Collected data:
* * * * * * * * *
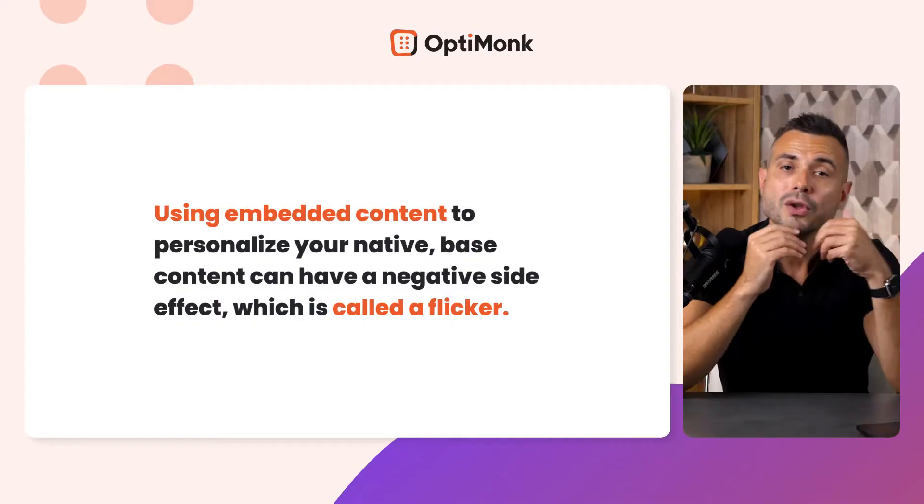The next challenge of website personalization is actually serving personalized content to your visitors. And here's where the biggest differences exist between two main types of website personalization: embedded content and overlays.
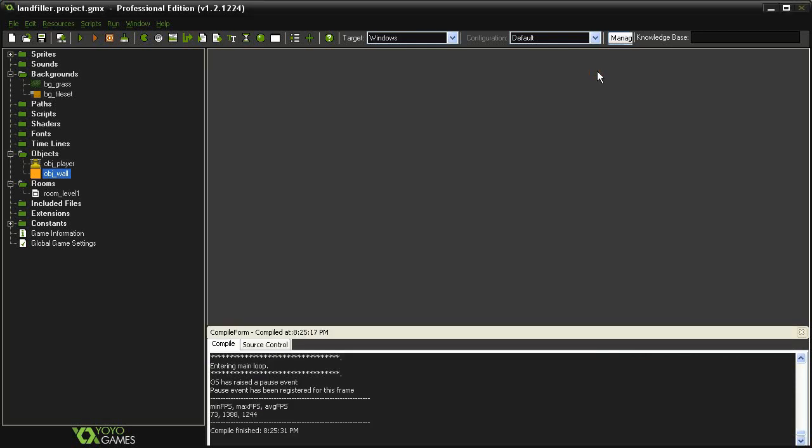Now that our room is ready, we need an object to push around, so we'll get into that next.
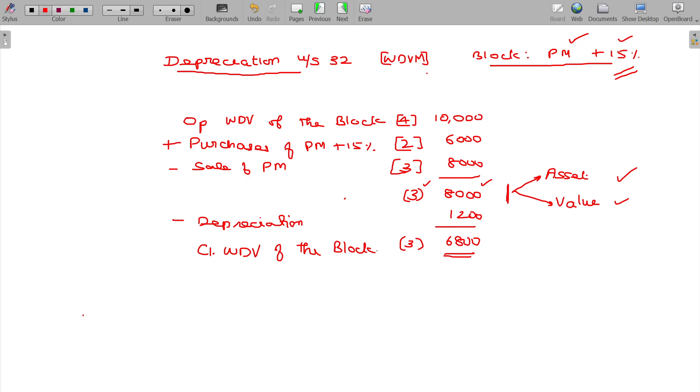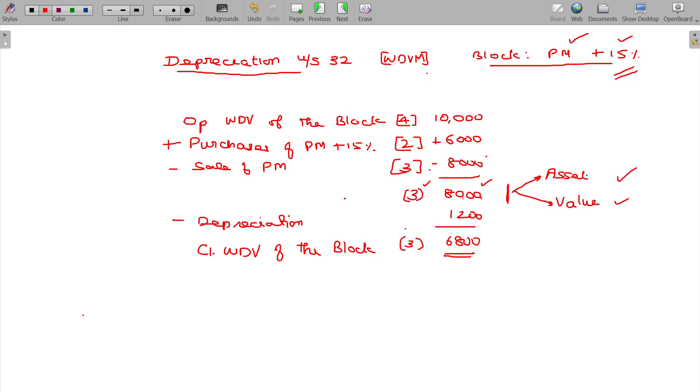We started with the basic model. Clear. So we assume that 3 plant and machinery were sold. Balance is 8,200. So we have 3 assets, the balance is 8,200.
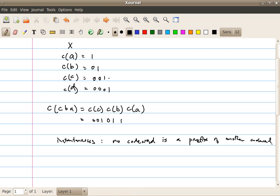Given this condition, it will impose some constraints on the length of the code words. More precisely, we cannot shrink the code words too much. For example, if I have this code C here and I shrink this code word into two bits, then apparently now code word C is actually a prefix of the code word of D.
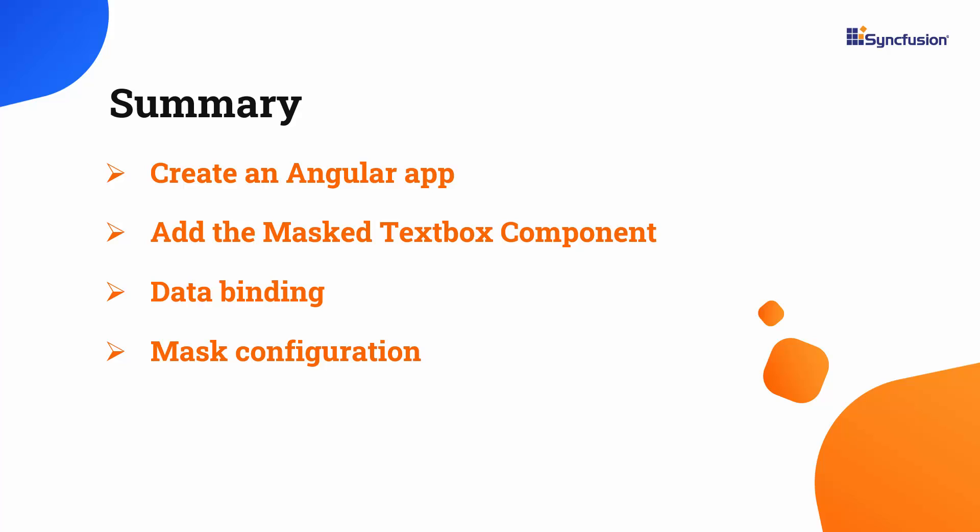To see a working example, download it from the GitHub link in the description below. I have also provided a link to check if you qualify for a free license key to use our Angular products through our community license. If you found this video helpful, please give it a like and subscribe to our channel. Thanks for watching.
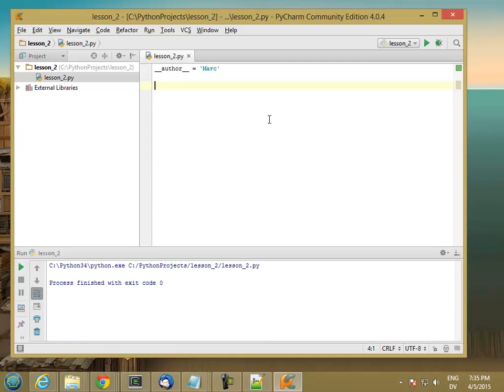Now let's look at some data types that we'll be using in the course. There's a few that we'll be using pretty frequently, and then some that we'll be using later on near the end. So I'll just talk about the ones we're going to use in the beginning.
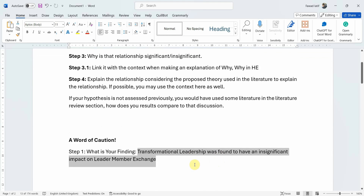This was just one example — you can use these AI tools for any other example. Most of the times we are having issues when explaining the reasons for insignificant moderation, significant mediation, or any other argument that you are having trouble with. Thank you very much.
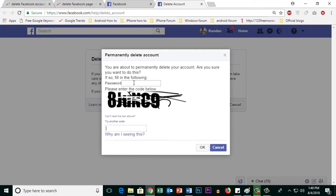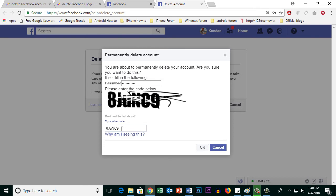Now here you have to enter your password and then the captcha code here, and then select OK.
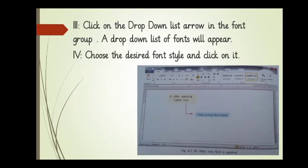Then, click on the drop-down list arrow in the font style, in the font group, sorry. A drop-down list of fonts will appear.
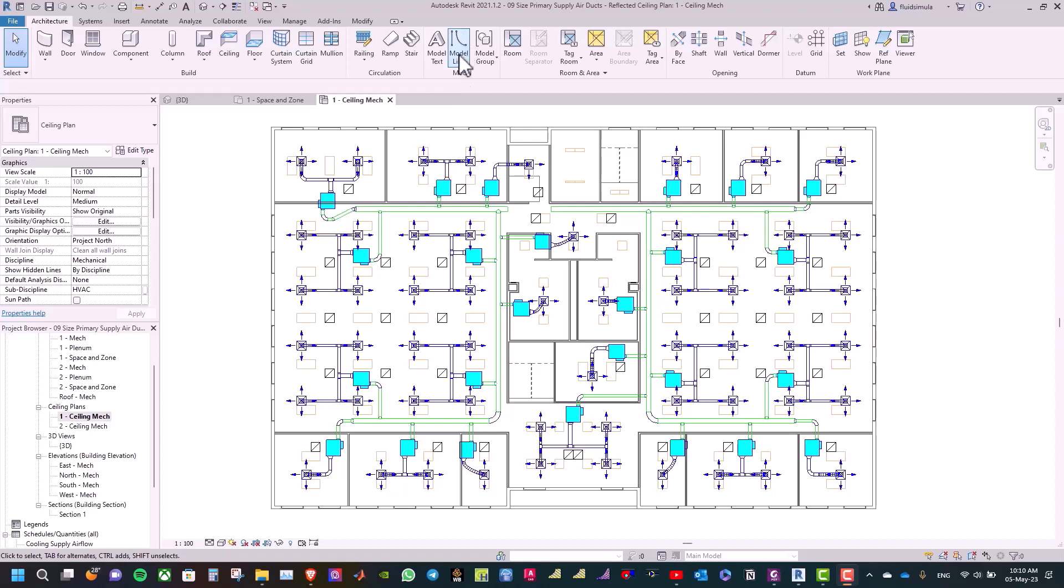Hello everyone, here is Karam. In this video, we will use velocity method to size the primary supply air ducts.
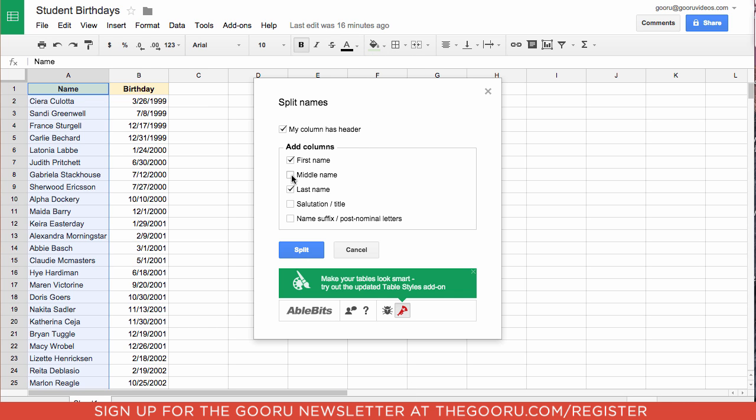And you can select first name, middle name, last name, and you can do titles as well as name suffixes such as Junior or Esquire. Then you also want to specify whether the column has a header so it knows not to split that. So we have that box checked here because we have a header that says Name.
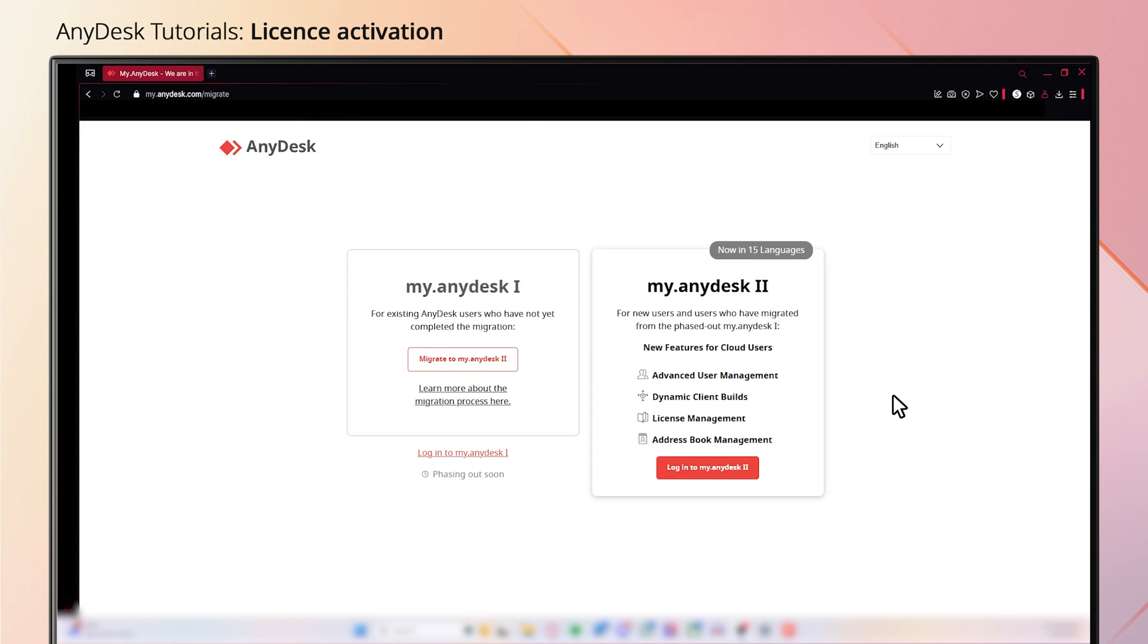Once this process is complete, you will be given the option to log into the my.anydesk.com homepage.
* * * * * * * * *
▶ **TRY IT**: Produce a verbatim copy of all records, minus pictures.

▶ **RESULT OF THIS TASK**:
The next challenge of website personalization is actually serving personalized content to your visitors. And here's where the biggest differences exist between two main types of website personalization: embedded content and overlays.
Now that our room is ready, we need an object to push around, so we'll get into that next.
We started with the basic model. Clear. So we assume that 3 plant and machinery were sold. Balance is 8,200. So we have 3 assets, the balance is 8,200.
Given this condition, it will impose some constraints on the length of the code words. More precisely, we cannot shrink the code words too much. For example, if I have this code C here and I shrink this code word into two bits, then apparently now code word C is actually a prefix of the code word of D.
To see a working example, download it from the GitHub link in the description below. I have also provided a link to check if you qualify for a free license key to use our Angular products through our community license. If you found this video helpful, please give it a like and subscribe to our channel. Thanks for watching.
Now let's look at some data types that we'll be using in the course. There's a few that we'll be using pretty frequently, and then some that we'll be using later on near the end. So I'll just talk about the ones we're going to use in the beginning.
This was just one example — you can use these AI tools for any other example. Most of the times we are having issues when explaining the reasons for insignificant moderation, significant mediation, or any other argument that you are having trouble with. Thank you very much.
Now here you have to enter your password and then the captcha code here, and then select OK.
Then, click on the drop-down list arrow in the font style, in the font group, sorry. A drop-down list of fonts will appear.
Hello everyone, here is Karam. In this video, we will use velocity method to size the primary supply air ducts.
And you can select first name, middle name, last name, and you can do titles as well as name suffixes such as Junior or Esquire. Then you also want to specify whether the column has a header so it knows not to split that. So we have that box checked here because we have a header that says Name.
Once this process is complete, you will be given the option to log into the my.anydesk.com homepage.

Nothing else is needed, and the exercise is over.